The goal of this research is to design and develop an ANN model in order to achieve a successful prediction of the wind speed on micro locations, based on data from local meteorological stations. The final aim and objective of the research is to implement a developed ANN wind speed prediction model in order to serve as decision support tool in an EWS.

This paper is organized as follows. Section 2 provides a research background of decision support as well as the methodology for development ANN prediction models as a tool for supporting decisions in EWS. In Section 3, the results of the proposed model are shown and discussed, with implementation in EWS on the micro location of University of Rijeka campus area. Finally, the conclusion and recommendations are presented in Section 4.

2. Methodology

Depending on the need of the business, different kinds of information systems are developed for different purposes. In general, different kinds of data and information are suitable for decision-making in different levels of organization hierarchy and require different information systems to be placed such as (i) Transaction Process Systems (TPS), (ii) Management Information Systems (MIS), (iii) Decision Support Systems (DSS), and (iv) Executive Support Systems (ESS) [16]. At the same time, each information system cannot fulfill complete information needs of each level. Therefore, overlapping of the systems is needed in order to preserve both information flows (from lower to upper level) and actions (from upper to lower level).

A structure of the proposed early warning management system (Figure 1) is based on Marović’s previous research [17], where the “three decision levels” concept for urban infrastructure [18, 19] and spatial [17] management is proposed. The modular concept is based on DSS basic structure [20]: (i) database, (ii) model base, and (iii) dialog module. Interactions between modules are realized throughout the decision-making process at all management levels as they serve as meeting points of adequate models and data.

Figure 1: Structure of the decision support system for early warning management system.

The first management level supports decision-makers at lowest operational management level. Beside its general function of supporting decision-making processes at operational level, it is a meeting point of data and information. Additionally, it provides information flows toward higher decision levels. It is a procedural level where problems are well defined and structured. The second management level deals with less defined and semistructured problems. On this level, tactical decisions are delivered, and it is a place where information basis and solutions are created. Based on applied models from model base (e.g., ANN), it gives alternatives and a basis for future decisions on strategic management level, which deals with even less defined and unstructured problems. At the third management level, based on the expert deliverables from the tactical level, a future development of the system is carried out. Strategies are formed, and they serve as frameworks for lower decision and management levels.
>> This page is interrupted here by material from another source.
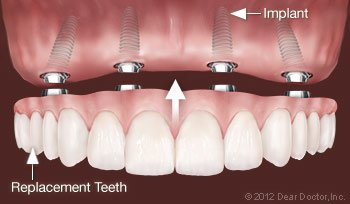 fixed dentures 2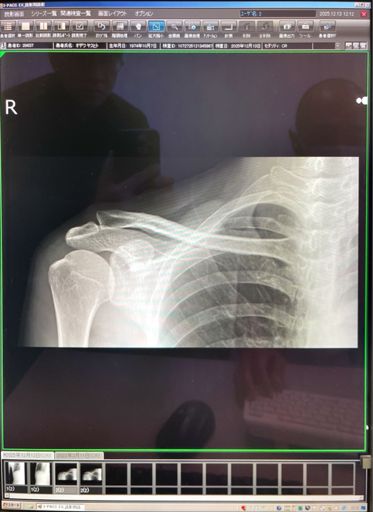 肩の亜脱臼の写真。痛みは≒3週間続いたけど、今は完治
Outside factors from the environment greatly influence decision support system, as is shown in Figure 1, on both decision-making and whole management processes. Such structure is found to be adequate for various urban management systems, and its structure easily supports all phases of the decision-making in early warning systems.
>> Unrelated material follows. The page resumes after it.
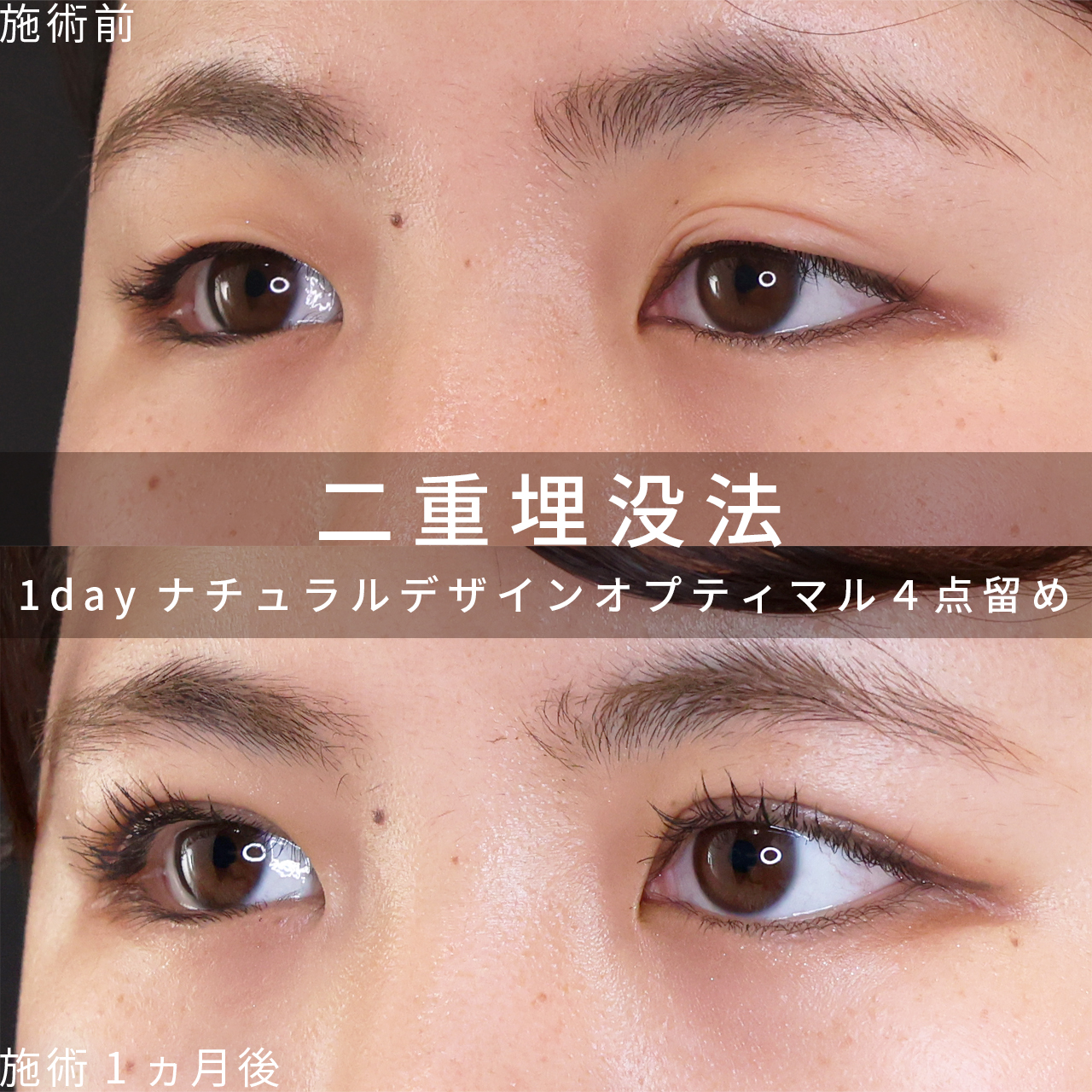 二重埋没法の症例写真 施術前後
In addition to the previously defined four elements, EWSs are specific to the context for which they are implemented. Glantz (2003) [21] described general principles that one should bear in mind: (i) continuity in operations, (ii) timely warnings, (iii) transparency, (iv) integration, (v) human capacity, (vi) flexibility, (vii) catalysts, and (viii) apolitical. It is important to take into account current and local information [22] as well as knowledge from past events (stored in a database) or grown structures [23]. In order to be efficient in emergencies, EWSs need to be relevant and user-oriented and allow interactions between all tools, decision-makers, experts, and stakeholders [2426]. It can be seen as an information system which deals with various types of problems (from structured to unstructured). The harmful event prediction model based on ANN is in general developed under the monitoring and warning system service and becomes a valuable tool in the DSS’s model base.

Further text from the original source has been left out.